The above is from Jeanne Phillips' Dear Abby column in the Kansas City Star and it's something that many parents -- civilian or military -- can relate to and it underscores the concerns parents have over the daily details of their children's lives even when they're stationed in a foreign country. WSAU reports 400 Wisconsin soldiers will deploy for Iraq Saturday. Meanwhile Pete Brekus (Express-Times) reminds that, on this day, "In 2005, the number of U.S. military deaths in Iraq reached 1,500." Five years later, the death toll stands at 4380.
The wounded contains on reliable count. There are those with obvious wounds and those who carry wounds not readily visible. Alison Boggs (Spokesman-Review) reports on Iraq War veteran Kenny McAnally who is among the over 40,000 US troops diagnosed with PTSD in the last seven years:
McAnally carried those memories for a year with no outlet, until a writing assignment for a North Idaho College class unexpectedly began to release them. It seemed harmless -- write a descriptive story -- but what poured out of him left him bathed in sweat and crying uncontrollably.
His writing described his worst day, the one that yanks him from sleep, gasping for air. Some 30 Iraqi National Guardsmen in the camp next door were hit in a mortar attack and he rushed to help. He looked into the eyes of a dying man as he tried to stop the blood pouring from the man’s side and leg. He prayed to God that the man would live, only to be told he was already dead.
"I can still hear those men, lying in the sand, bleeding to death, pleading with their God," he wrote. "Screaming at him. Begging to live another day."
Susan Frick Carlman (Naperville Sun) reports on Iraq War veterans Sarah Raby and Keith Ellis who also have been diagnosed with PTSD:
The couple, former Marines who have both served two tours of duty in Iraq, can't forget that in some places, a plain-looking box can contain deadly explosives. They are part of a swelling population of military veterans who are bringing home from Iraq and Afghanistan memories of sights, sounds, smells and scars that now dog them, every day.
Although Raby and Ellis both exhibit the aftereffects of battle that show themselves as post-traumatic stress disorder, they are doing their best to get on with their lives. They're both working toward associate's degrees at College of DuPage, and Ellis is employed part-time in contractual security work.

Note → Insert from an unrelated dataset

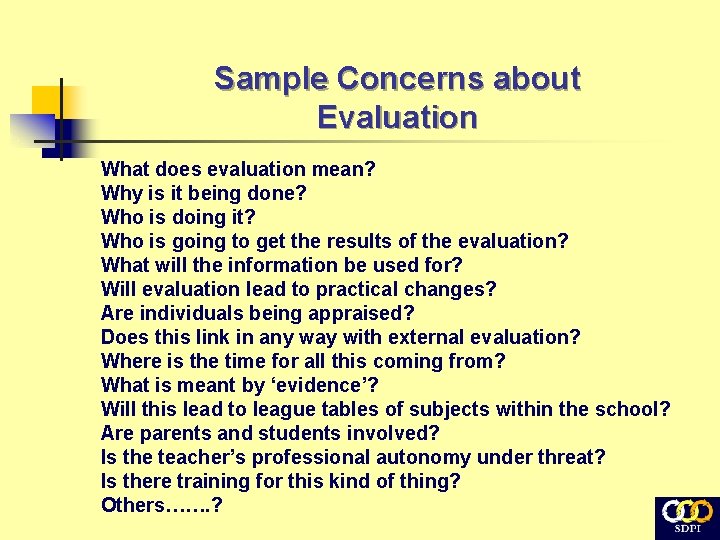 Sample Concerns about Evaluation What does evaluation mean? Why is it being done? Who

Normalcy doesn't come easily. The couple and their three young children were homeless for a while last fall, after it became clear that their living arrangements weren't going to work out as they had hoped. Tensions ran too high in the quarters they were sharing with some of Raby's relatives after moving back to the area from California in July.
Boston's WCVB reports on PTSD, "Researchers from the University of California, San Francisco, took brain scans of vets with PTSD. In those vets, a specific area of the brain responsible for memory was much smaller. Researchers said this discovery could lead to better diagnosis and treatments." Meanwhile Katherine Noble (Daily Texan Staff) reports that University of Texas professors and researchers Ivan Ponomarev and R. Adron Harris are working with others to devise new methods of treatment for PTSD: "When a person undergoes a traumatic event, the parts of the brain set to regulate stress can be overrun to the point where they cannot normalize new fear and stress stimuli. The victim's amygdala, the part of the brain responsible for learning and memory, is incapable of processing fear-related stimuli. Instead, the amygdala can respond incorrectly to stress, causing the person to be overly anxious in mild-stress situations. Cases of post-traumatic stress disorder are rising among returning veterans from Iraq and Afghanistan, according to the U.S. Department of Veterans Affairs. At UT, veterans enrolled at the University can find support through counseling at the UT Counseling and Mental Health Center and through student groups." Susan Goldsmith (The Oregonian) reports on the Portland Vet Center where Lori Daniels works on an effort "to rewrite our own nightmares and make them less troubling" -- a treatment she and Terry McGuire have worked on developing:
McGuire and Daniels guided vets to talk about their dream lives and used their answers to help them understand what the trauma meant to them. The technique taught them that "they can be in control of their trauma."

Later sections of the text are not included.